Vehmgerichte und Hexenprozesse in Deutschland/Dritter Abschnitt. Wasserprobe und Nadelprobe
Wenn nun solche „Anzeigen“ gegen eine Person vorlagen, so konnte gegen sie auf Folter erkannt werden. Häufig aber unterzog man sie vorher noch der „Wasserprobe“. Sie wurde entkleidet, darauf kreuzweis gebunden, so daß die rechte Hand an die große Zehe des linken Fußes und die linke Hand an die große Zehe des rechten Fußes fest geknüpft war und sie sich nicht rühren konnte. Darauf ließ sie der Henker an einem Seile in einen Fluß oder Teich dreimal hinab. Welche nun in solcher Positur oben schwammen, die wurden für Hexen gehalten und von dem Wasser, wenn sie nicht durch freiwilliges Bekenntnis zuvorkamen, an die Tortur gebracht.
[137] Diese Wasserprobe stützte man bald auf die Meinung: daß den Hexen vom Teufel eine spezifische Leichtigkeit des Körpers verliehen sei, welche sie nicht untersinken lasse, bald auf den Satz: das Wasser nehme die nicht in seinen Schoß auf, welche das Taufwasser – bei der Lossagung vom christlichen Glauben – von sich geschüttelt hätten.
Oft aber wurde erhoben, wie der Henker boshafterweise die Unglückliche in der Art an seinem Seil über dem Wasser gehalten hatte, daß sie nicht sinken konnte. Und die medizinische und philosophische Fakultät zu Leiden gab ihr Gutachten schon unter dem 9. Januar 1594 dahin ab, daß die Wasserprobe in keiner Weise als Beweismittel gelten könne; denn, daß die angeblichen Hexen so oft auf dem Wasser schwämmen, erkläre sich aus der Art, wie sie kreuzweise gebunden ins Wasser gesenkt würden, indem sie auf dasselbe mit dem Rücken wie kleine Schiffchen zu liegen kämen.
Gleichwohl brachte man dies „Hexenbad“ mit Vorliebe fortwährend, oft vor Hunderten von Zuschauern, gegen halbwegs Verdächtige in Anwendung.
Bürgermeister und Schöffen der Stadt Herford ließen (1627-31) eines Morgens über [138] 30 Weiber, welche der Zauberei bezichtigt worden, aus ihren Betten aufs Rathaus holen, wo ihnen die Wasserprobe angekündigt wurde. Sofort wurden sie vom Nachrichter gebunden aufs Wasser geworfen und, da sie oben schwammen, festgenommen und auf die Tortur gebracht. Nachdem man durch Pein und Martern Bekenntnisse erlangt, wurden sie sämtlich vor das peinliche Halsgericht gestellt, zum Feuertode verurteilt und verbrannt.
Eine andre Probe, die in der Regel mit der Verdächtigen vorgenommen wurde, ehe man zu Anwendung der Folter schritt, mitunter auch, wenn sie auf der Folter standhaft geblieben war, hieß die Nadelprobe oder das Aufsuchen eines Hexenzeichens am Körper der Angeschuldigten.

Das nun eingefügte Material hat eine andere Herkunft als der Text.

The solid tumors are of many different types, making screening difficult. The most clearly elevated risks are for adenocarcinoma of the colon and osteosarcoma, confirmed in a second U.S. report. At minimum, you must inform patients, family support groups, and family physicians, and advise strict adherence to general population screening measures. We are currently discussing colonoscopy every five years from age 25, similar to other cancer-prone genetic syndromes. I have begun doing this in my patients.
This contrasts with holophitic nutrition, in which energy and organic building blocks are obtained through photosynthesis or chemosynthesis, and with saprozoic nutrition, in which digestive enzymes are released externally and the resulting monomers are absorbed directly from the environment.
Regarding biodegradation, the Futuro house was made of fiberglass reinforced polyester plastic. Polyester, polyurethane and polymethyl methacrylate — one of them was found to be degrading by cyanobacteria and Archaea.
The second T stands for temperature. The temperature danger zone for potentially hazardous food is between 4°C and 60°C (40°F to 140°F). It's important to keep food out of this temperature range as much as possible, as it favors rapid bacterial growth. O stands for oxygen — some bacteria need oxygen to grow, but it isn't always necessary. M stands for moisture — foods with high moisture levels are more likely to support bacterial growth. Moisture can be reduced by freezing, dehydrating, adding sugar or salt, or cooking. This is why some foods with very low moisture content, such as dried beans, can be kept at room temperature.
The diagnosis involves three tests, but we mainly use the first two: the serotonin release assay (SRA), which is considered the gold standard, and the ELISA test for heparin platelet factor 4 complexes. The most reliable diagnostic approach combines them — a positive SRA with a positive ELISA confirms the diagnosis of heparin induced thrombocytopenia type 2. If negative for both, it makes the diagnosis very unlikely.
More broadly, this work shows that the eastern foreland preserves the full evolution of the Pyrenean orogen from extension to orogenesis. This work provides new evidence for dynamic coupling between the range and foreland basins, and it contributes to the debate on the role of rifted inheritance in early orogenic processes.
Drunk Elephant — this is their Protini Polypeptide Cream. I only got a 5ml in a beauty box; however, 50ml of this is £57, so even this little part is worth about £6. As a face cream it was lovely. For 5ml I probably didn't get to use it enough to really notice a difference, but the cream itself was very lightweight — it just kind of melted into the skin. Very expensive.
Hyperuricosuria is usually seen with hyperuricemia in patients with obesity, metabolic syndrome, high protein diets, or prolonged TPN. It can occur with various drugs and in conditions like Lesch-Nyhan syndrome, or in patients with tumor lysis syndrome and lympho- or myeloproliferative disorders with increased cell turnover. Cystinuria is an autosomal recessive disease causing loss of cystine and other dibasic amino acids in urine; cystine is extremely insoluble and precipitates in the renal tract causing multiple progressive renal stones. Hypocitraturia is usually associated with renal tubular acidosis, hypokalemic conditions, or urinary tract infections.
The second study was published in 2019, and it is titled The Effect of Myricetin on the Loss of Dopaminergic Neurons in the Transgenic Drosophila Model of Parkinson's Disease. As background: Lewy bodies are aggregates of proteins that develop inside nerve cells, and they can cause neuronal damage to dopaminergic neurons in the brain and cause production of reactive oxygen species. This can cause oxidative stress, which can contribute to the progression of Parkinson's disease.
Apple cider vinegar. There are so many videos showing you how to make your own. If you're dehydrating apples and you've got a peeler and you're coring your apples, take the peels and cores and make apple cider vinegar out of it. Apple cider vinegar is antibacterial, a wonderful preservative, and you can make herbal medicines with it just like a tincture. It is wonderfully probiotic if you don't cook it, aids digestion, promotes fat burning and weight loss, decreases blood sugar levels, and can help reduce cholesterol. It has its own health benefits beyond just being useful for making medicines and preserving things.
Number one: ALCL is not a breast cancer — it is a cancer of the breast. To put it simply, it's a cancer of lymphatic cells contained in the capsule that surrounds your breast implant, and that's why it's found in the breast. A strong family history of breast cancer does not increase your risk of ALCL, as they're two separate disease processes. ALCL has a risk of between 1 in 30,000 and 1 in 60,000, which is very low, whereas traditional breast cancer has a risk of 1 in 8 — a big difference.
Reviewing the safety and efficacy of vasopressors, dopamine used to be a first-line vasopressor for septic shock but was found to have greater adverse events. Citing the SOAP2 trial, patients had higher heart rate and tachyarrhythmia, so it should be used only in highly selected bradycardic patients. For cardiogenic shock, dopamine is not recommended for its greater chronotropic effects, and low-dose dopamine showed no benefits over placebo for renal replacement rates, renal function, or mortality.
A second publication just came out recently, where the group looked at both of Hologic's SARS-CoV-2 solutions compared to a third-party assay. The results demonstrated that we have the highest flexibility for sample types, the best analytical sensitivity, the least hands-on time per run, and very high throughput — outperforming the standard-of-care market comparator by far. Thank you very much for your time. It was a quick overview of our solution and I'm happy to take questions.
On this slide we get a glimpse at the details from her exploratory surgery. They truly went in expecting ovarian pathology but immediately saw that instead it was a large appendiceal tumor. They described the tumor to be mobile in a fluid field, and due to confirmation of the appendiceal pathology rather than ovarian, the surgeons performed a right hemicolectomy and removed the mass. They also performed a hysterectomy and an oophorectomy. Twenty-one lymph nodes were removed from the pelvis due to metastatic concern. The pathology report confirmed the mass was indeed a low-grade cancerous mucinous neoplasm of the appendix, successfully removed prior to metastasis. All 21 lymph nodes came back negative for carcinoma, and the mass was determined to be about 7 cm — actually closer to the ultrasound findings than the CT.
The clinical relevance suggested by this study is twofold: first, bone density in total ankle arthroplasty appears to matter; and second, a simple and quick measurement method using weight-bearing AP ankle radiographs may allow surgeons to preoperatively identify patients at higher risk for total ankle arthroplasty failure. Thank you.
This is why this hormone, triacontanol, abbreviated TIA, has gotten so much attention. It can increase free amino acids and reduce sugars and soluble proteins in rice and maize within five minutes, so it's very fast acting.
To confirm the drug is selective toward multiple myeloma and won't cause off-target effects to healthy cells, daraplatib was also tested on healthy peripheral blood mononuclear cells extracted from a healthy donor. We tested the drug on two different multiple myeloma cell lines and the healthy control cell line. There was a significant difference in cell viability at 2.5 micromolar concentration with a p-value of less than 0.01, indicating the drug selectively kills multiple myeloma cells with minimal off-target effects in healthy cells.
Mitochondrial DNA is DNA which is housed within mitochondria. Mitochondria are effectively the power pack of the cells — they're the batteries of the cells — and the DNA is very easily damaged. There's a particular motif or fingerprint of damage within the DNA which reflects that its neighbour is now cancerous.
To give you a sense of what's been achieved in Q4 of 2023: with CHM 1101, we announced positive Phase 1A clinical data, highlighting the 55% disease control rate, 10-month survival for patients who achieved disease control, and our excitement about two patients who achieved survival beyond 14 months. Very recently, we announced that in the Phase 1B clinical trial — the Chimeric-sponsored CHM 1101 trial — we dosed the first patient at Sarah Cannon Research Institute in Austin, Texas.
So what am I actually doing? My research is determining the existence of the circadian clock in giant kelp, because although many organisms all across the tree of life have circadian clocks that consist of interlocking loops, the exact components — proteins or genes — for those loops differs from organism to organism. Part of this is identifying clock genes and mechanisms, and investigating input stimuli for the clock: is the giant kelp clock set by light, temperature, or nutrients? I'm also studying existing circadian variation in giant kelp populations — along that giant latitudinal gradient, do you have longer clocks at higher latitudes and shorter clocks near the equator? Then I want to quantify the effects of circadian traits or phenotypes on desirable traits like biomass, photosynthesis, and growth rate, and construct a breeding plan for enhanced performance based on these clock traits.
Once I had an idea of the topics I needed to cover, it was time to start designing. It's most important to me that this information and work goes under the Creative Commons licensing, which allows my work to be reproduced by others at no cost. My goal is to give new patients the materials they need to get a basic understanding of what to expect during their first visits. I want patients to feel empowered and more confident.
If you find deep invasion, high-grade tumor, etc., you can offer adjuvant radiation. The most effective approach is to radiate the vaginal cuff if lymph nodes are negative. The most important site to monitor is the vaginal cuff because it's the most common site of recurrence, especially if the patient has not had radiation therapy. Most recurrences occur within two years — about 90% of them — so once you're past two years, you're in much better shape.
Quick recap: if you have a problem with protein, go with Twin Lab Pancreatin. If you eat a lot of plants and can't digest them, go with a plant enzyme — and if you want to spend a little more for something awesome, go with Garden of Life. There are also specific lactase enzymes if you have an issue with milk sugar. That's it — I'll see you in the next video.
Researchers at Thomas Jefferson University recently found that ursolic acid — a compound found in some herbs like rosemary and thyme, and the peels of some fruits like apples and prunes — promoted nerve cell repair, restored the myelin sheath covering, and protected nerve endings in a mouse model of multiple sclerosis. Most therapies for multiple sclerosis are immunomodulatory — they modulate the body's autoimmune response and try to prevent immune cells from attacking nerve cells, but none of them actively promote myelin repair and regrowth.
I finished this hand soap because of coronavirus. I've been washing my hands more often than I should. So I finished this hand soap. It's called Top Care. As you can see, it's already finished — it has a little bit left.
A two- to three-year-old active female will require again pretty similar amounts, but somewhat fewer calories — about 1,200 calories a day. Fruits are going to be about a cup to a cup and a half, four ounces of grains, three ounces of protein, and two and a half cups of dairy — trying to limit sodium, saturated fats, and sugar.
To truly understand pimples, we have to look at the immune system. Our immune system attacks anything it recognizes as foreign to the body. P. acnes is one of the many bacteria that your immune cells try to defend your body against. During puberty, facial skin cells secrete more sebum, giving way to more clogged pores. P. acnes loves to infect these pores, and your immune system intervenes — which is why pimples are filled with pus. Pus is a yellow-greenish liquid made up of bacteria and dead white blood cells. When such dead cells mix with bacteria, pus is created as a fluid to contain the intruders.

Man glaubte nämlich, am Körper einer wirklichen Hexe gebe es Stellen, welche gefühllos seien und kein Blut enthalten, so daß, wenn mit einer Nadel hineingestochen werde, die Hexe es nicht fühle und kein Blut fließe. Die Angeschuldigte wurde daher dem Henker übergeben, welcher an ihrem ganzen Körper nach einem solchen Hexenstigma sucht und mit der Nadel in jede ihm auffallende Stelle (Muttermale, Leberflecken, Narben u. drgl.) sticht, um zu erproben, [139] ob Blut fließe. Dabei kam es häufig vor, daß der Untersuchende boshafterweise statt mit der Spitze, mit dem Knopf der Nadel auf die Stelle drückte und nun diese für ein Hexenzeichen erklärt wurde; oder daß er sich nur stellte, als ob er steche, und darauf rief, er habe das Zeichen gefunden, die Stelle sei unempfindlich und es fließe kein Blut.
Nun war es über allen Zweifel erhaben, daß dieses Malzeichen der Angeklagten vom Teufel aufgedrückt worden sei, als Besiegelung des mit ihm eingegangenen Bündnisses, daß sie also wirklich eine Hexe sein müsse. Daraufhin mußte gefoltert werden, bis sie sich zum Geständnis aller für den Untersuchungsrichter vornherein unzweifelhaften Thaten herbeiließ.
Häufig wurde der Prozeß schon mit dem Aufsuchen des Hexenzeichens eröffnet. Auf bloßes „Besagen“ oder irgend einen andern Verdachtsgrund hin wurden Frauen und Mädchen festgenommen und vom Scharfrichter auf das Hexenmal in der angegebnen Weise untersucht.